In preparing for work with one of my clients, I recently researched best marketing practices for professional service firms and other B2B marketers. I looked at surveys conducted by RainToday.com, The Bloom Group, MarketingProfs, Junta42, BlissPR, and the Association of Management Consulting Firms. These surveys asked marketing professionals to rate the effectiveness of various marketing tactics.
A couple notable observations emerged from my research. One was a remarkable correlation between the surveys. There was general agreement as to what worked well and what didn't. That, of course, lends added credibility to the ranking of tactics provided below. The second thing I noticed was the clear advantage of various forms of content marketing. I've written on this topic before, and have pointed out that this is not common practice among A/E firms.
Following are the eight marketing tactics, listed in order, that a compilation of these surveys indicates are most effective:
1. Seminars and other in-person events. There's no better way outside of project work to demonstrate your firm's insight and expertise. This category includes both firm- and third-party-sponsored seminars, and both paid and free sessions. "In-person events" can be a rather broad category, but here refers to issue-driven, educational events such as roundtables, forums, and workshops.
2. Conference presentations. If you want to avoid the expense and hassle of sponsoring your own events, the next best choice (other than having someone else sponsor your seminar) is to speak at industry conferences and trade shows. By the way, this has been by far the most effective marketing tactic I've used in building my business.
3. Webinars. While their educational value can be questioned, webinars are clearly an increasingly popular alternative to attending conferences and seminars. They're relatively cheap and convenient, and should be part of your marketing arsenal. Providing your own is better, but working with trade groups and other third-party sponsors can also be effective.
4. Articles in third-party publications. The key to success with this tactic--besides writing good stuff, of course--is placement in publications that your clients read. Print publications are still important, but the growth of online sources is far outpacing the traditional medium (and most print publications are also available online).

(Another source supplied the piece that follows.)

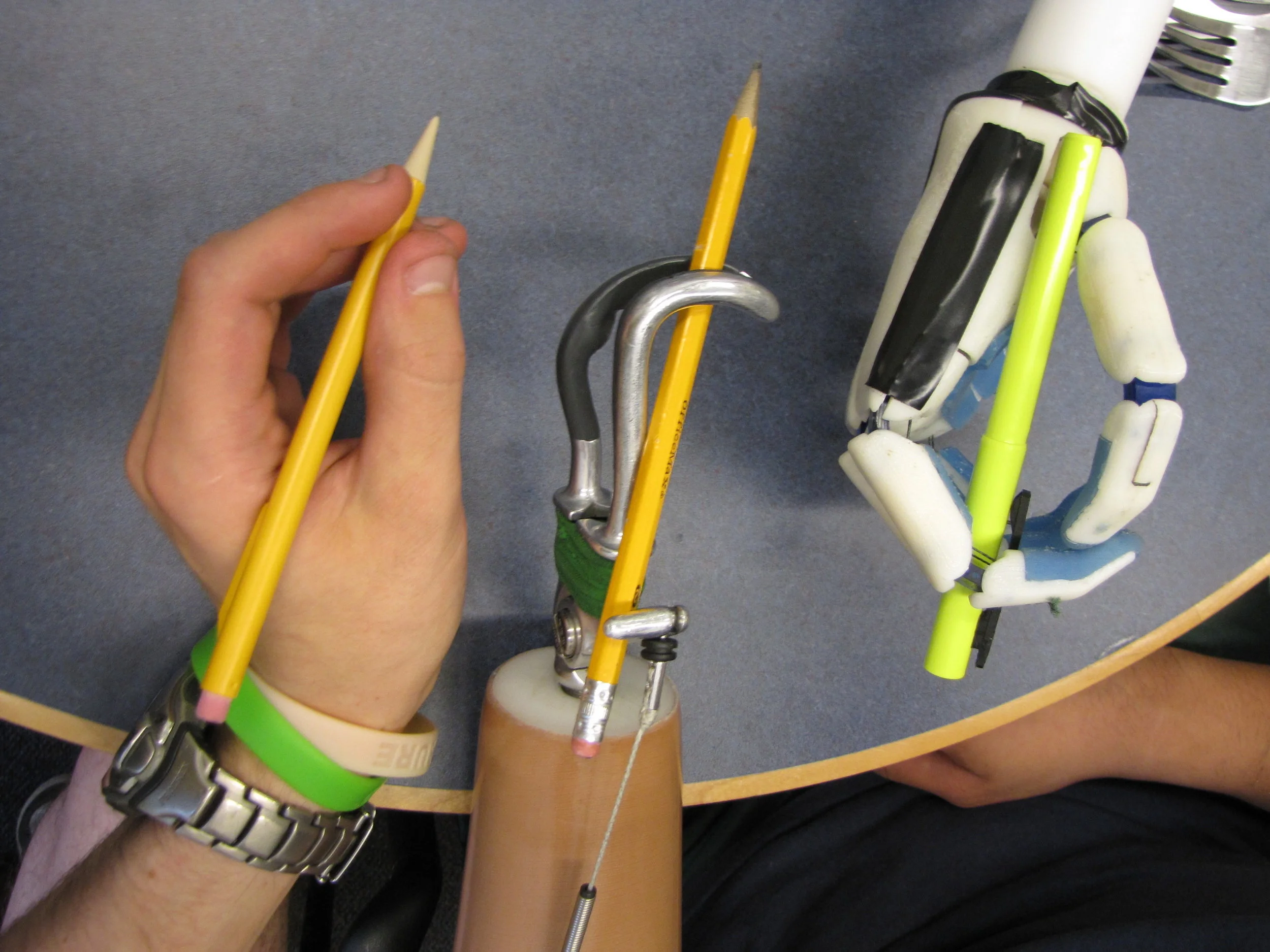 Prosthetic Hand — Kayla Matheus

5. Search engine optimization. This tactic is all about increasing traffic to your website and any other internet venues (e.g., blog or social media sites) where your firm can be found. Some technical know-how helps (which may warrant hiring some outside help), but much of it involves strategically enhancing your firm's web presence.

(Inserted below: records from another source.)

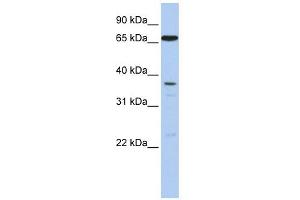 ABCB9 antibody used at 1 ug/ml to detect target protein. (ABCB9 Antikörper)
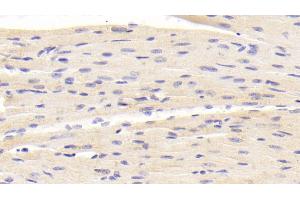 Immunohistochemistry (IHC) image for anti-beta-Site APP-Cleaving Enzyme 2 (BACE2) (AA 230-396) antibody (ABIN7434101)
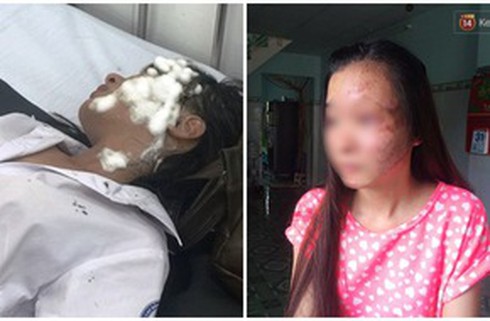 Ghen tuông, chồng hắt axit vào mặt vợ - ảnh 1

6. Articles posted on your website. This one surprised me, a tactic with an obvious caveat. If you're only generating minuscule traffic to your site, posting articles there won't help much. The implication is that this tactic must be part of a larger strategy to enhance your website's popularity. Placing good content there (which is rare among A/E firms) is key, as well as doing some search engine optimization.
7. PR pitches to journalists. There's some benefit in sending out press releases, but having reporters and other journalists contacting your firm's experts as valued sources is even better. Or having them write an article or do a news spot about your firm. The downside--which you're aware of if you've ever been interviewed or been in the news--is the difficulty in controlling the message. So as with item #6, I present you the results with a little reservation.

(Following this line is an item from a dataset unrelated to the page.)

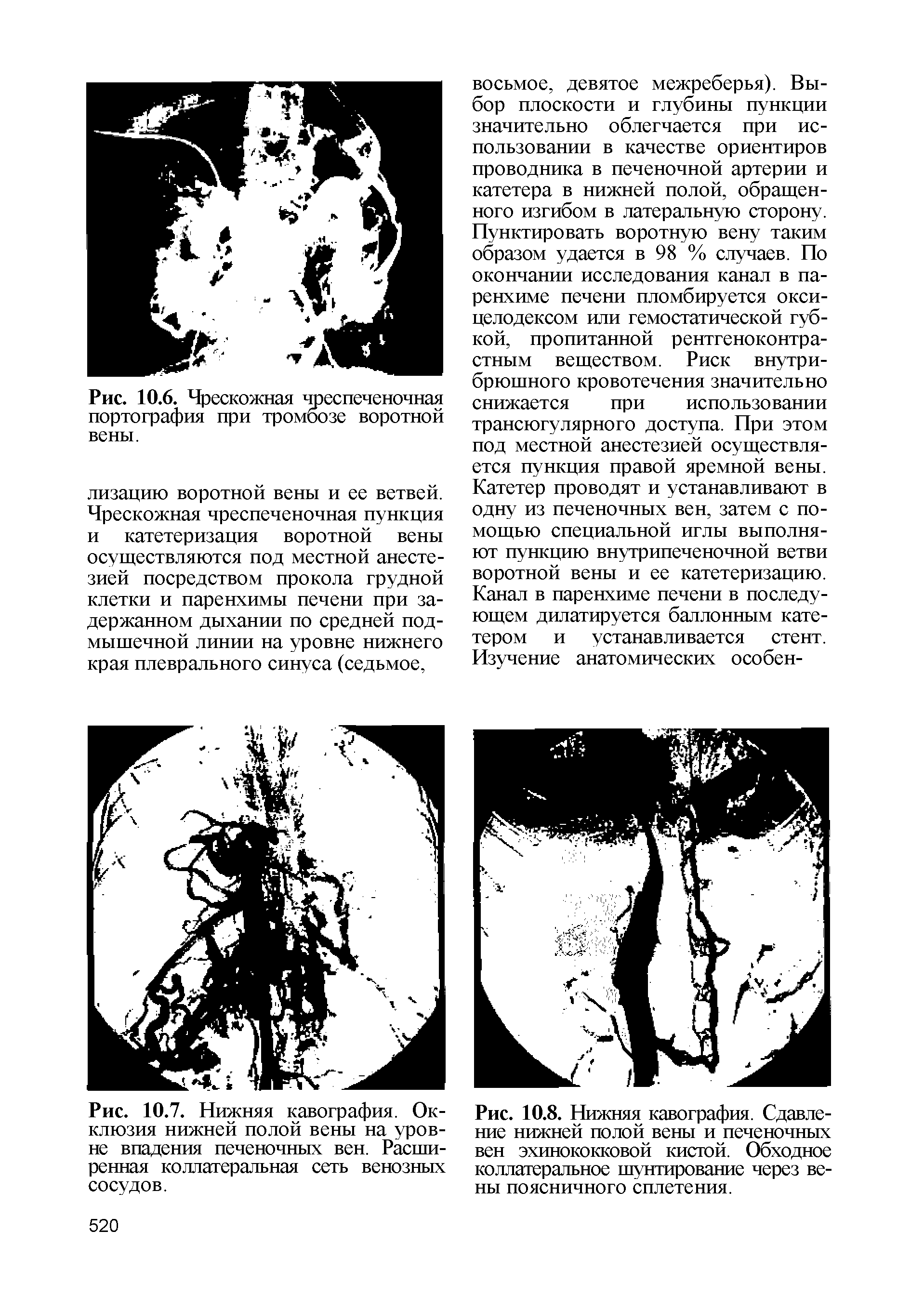 Рис. 10.8. Нижняя кавография. Сдавление нижней полой вены и печеночных вен эхинококковой кистой. Обходное коллатеральное шунтирование через вены поясничного сплетения.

8. Email newsletter. Publishing a newsletter is among the more popular marketing tactics in our business. But many firms still prefer hard copy and the content tends to be too self-congratulatory. It may surprise you that print newsletters did not fare as well in the surveys, although some obviously prefer print over digital. I'm convinced that the email format has many advantages, including the ability to use other people's content. For more on this, check out this earlier post.
So how much is your firm employing the tactics listed above? Is it time to re-evaluate your marketing strategy? By the way, the research indicates that the following tactics are significantly less effective than the top eight:
- Trade show exhibiting
- Direct mail
- Social media
Social media is a bit of an enigma and perhaps a surprise inclusion here among the less effective tactics. For one thing, these same studies indicated that firms are dramatically increasing their spending and activity in social media. It's potential is promising and still evolving. But one thing is clear; it is more potent when combined with strong content. I've addressed social media at some length in two previous posts (post 1 and post 2).
Those are the results of the surveys, at least. They generally conform to my own experiences. What about yours? I'd love to hear which marketing tactics you've found work best for your firm.